Uma pequena curiosidade sobre a cronologia dos acontecimentos: No começo do jogo, Adol e Dogi mencionam estarem partindo da região de Xandria — onde se passou os eventos de Ys V — e estão a caminho da cidade de Altago — onde se passarão os eventos de Ys SEVEN — mas imprevistos acontecem e eles vão parar na Ilha de Seiren — onde se passam os eventos de Ys VIII. Logo, a ordem cronológica desses jogos é “5–8–7”.

Se acostume com isso. A ordem de lançamento dos jogos nada tem a ver com a ordem cronológica dos eventos. Como fã da franquia, a melhor dica que eu posso dar para novos jogadores é: “não ligue para a cronologia” 😛. Meu palpite é que isso seja proposital. Em termos de lore, o narrador, que introduz a história ao início de cada jogo, lê os diários de um aventureiro Adol já aposentado em uma ordem “aleatória”, seja lá como ele organizou...

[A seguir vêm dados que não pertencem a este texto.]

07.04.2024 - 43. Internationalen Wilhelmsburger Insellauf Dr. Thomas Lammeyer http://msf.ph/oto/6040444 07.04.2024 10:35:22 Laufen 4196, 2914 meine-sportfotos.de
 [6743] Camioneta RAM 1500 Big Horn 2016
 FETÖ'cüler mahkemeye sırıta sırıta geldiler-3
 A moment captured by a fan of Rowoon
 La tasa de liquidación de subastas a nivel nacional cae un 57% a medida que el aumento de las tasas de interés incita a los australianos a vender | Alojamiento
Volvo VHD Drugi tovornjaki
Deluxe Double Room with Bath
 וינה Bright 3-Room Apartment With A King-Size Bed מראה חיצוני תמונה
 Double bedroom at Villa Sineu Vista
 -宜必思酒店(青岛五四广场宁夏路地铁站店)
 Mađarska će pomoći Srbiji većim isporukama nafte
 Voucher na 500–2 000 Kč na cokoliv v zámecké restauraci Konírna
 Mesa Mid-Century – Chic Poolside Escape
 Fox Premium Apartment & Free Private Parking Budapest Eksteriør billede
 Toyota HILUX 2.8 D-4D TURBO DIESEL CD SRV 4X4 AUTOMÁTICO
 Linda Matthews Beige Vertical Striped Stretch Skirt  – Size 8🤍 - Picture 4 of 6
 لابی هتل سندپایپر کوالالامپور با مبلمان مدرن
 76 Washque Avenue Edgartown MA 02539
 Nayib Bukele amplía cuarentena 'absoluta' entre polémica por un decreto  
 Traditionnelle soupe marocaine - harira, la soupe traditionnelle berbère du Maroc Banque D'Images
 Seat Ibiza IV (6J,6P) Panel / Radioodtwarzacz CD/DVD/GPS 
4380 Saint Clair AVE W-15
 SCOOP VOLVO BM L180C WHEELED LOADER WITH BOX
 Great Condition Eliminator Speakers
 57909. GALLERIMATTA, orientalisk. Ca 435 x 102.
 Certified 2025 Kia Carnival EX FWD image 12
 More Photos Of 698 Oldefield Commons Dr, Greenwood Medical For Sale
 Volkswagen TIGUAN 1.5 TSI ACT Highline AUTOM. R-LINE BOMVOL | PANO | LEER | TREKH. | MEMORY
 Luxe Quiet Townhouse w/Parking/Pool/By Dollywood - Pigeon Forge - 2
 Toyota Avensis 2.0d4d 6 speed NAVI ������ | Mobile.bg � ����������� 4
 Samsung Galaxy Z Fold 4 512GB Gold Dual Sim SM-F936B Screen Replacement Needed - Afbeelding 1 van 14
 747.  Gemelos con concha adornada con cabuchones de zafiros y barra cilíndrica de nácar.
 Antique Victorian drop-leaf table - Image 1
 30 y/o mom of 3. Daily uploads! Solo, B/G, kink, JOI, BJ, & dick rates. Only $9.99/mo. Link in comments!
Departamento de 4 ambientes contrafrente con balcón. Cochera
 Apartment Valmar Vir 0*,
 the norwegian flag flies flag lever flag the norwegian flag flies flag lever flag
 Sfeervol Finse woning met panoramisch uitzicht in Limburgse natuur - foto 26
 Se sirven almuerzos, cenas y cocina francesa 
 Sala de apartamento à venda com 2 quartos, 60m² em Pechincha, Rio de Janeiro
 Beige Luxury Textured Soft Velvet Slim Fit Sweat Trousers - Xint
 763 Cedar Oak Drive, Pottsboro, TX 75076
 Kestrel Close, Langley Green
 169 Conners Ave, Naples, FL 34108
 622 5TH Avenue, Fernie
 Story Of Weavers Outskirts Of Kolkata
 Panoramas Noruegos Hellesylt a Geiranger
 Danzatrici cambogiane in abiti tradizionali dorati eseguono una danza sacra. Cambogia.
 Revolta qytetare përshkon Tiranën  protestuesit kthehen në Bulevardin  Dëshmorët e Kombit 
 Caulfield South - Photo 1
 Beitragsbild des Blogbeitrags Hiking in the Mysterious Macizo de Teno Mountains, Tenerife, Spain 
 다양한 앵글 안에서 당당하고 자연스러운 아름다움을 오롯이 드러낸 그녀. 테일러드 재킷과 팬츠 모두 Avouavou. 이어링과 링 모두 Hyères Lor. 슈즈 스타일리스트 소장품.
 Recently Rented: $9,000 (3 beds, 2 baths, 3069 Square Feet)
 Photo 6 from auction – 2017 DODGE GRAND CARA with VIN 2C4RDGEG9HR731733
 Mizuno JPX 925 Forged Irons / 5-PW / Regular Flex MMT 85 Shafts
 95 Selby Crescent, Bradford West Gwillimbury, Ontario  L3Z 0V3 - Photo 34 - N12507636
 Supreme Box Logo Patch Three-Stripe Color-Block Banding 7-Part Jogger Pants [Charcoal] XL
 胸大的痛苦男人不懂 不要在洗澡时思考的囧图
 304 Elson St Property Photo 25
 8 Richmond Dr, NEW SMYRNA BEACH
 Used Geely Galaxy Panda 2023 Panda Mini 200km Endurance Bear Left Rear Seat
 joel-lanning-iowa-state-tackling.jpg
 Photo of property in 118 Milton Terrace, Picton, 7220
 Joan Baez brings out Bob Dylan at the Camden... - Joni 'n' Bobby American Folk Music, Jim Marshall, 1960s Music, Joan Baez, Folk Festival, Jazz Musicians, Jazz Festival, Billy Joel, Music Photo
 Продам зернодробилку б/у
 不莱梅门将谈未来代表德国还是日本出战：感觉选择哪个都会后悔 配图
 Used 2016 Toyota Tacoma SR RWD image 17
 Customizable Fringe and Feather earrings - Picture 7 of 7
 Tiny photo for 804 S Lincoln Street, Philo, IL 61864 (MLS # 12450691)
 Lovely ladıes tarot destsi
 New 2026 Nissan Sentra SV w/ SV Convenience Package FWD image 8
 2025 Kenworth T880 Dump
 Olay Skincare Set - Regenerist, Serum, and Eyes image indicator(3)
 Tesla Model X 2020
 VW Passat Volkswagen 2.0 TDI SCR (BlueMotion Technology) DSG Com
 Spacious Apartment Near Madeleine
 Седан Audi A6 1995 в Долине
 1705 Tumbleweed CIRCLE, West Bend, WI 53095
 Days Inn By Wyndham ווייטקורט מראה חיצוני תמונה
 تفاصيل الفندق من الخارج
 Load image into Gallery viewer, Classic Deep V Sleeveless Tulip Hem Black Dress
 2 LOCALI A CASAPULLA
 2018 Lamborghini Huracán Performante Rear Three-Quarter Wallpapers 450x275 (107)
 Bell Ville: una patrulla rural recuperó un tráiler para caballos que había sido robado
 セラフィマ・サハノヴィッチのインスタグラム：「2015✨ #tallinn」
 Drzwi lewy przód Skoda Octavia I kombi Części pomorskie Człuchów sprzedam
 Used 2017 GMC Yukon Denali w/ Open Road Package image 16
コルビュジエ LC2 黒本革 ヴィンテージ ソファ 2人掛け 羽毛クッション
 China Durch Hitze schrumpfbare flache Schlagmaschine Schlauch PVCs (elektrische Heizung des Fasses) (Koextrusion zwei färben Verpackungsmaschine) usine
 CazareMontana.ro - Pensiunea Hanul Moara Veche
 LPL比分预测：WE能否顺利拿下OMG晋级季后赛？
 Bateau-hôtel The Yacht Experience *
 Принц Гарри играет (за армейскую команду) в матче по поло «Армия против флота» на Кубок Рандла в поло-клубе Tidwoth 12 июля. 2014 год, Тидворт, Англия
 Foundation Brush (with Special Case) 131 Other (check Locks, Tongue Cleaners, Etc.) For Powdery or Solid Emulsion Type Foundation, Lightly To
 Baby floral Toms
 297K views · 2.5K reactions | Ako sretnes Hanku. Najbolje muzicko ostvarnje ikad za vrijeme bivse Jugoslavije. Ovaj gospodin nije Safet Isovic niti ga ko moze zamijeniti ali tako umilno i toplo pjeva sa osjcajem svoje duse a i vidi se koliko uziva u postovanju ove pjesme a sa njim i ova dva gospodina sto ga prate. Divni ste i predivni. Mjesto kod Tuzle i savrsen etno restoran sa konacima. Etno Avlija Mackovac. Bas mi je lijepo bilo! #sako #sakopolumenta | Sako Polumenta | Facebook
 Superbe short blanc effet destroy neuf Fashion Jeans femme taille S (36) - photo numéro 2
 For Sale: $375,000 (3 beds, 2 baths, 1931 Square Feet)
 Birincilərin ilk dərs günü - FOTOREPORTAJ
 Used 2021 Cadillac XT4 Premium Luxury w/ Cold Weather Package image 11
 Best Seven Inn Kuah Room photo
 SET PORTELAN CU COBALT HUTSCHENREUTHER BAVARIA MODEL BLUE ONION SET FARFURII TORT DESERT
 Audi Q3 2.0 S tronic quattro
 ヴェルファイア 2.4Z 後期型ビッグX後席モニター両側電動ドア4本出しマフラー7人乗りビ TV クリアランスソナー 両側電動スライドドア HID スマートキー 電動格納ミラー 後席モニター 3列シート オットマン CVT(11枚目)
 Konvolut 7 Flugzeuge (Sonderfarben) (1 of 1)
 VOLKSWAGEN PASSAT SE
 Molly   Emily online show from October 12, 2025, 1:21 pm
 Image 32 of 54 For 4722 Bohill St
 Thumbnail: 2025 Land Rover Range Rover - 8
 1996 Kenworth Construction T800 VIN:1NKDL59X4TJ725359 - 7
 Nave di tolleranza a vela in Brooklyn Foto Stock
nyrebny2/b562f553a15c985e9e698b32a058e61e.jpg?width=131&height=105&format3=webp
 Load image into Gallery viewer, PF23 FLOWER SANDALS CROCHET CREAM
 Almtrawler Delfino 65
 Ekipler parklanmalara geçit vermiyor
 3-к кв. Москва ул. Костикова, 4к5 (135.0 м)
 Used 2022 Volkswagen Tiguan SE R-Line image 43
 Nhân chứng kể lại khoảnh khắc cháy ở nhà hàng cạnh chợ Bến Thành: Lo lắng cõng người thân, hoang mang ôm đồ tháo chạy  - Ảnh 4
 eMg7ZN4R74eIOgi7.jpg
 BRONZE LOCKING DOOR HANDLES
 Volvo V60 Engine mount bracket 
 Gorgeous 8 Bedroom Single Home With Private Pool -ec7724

Enquanto a série Trails, outra obra-prima da Nihon Falcom, segue um roteiro linear conforme novos lançamentos, Ys faz o completo oposto, dando peças aleatórias de um quebra-cabeça para que sejam encaixadas aos poucos a cada novo diário apresentado aos jogadores. Nem todo mundo aprecia essa dinâmica, mas há uma fanbase fiel aí que mergulhou na brincadeira de cabeça.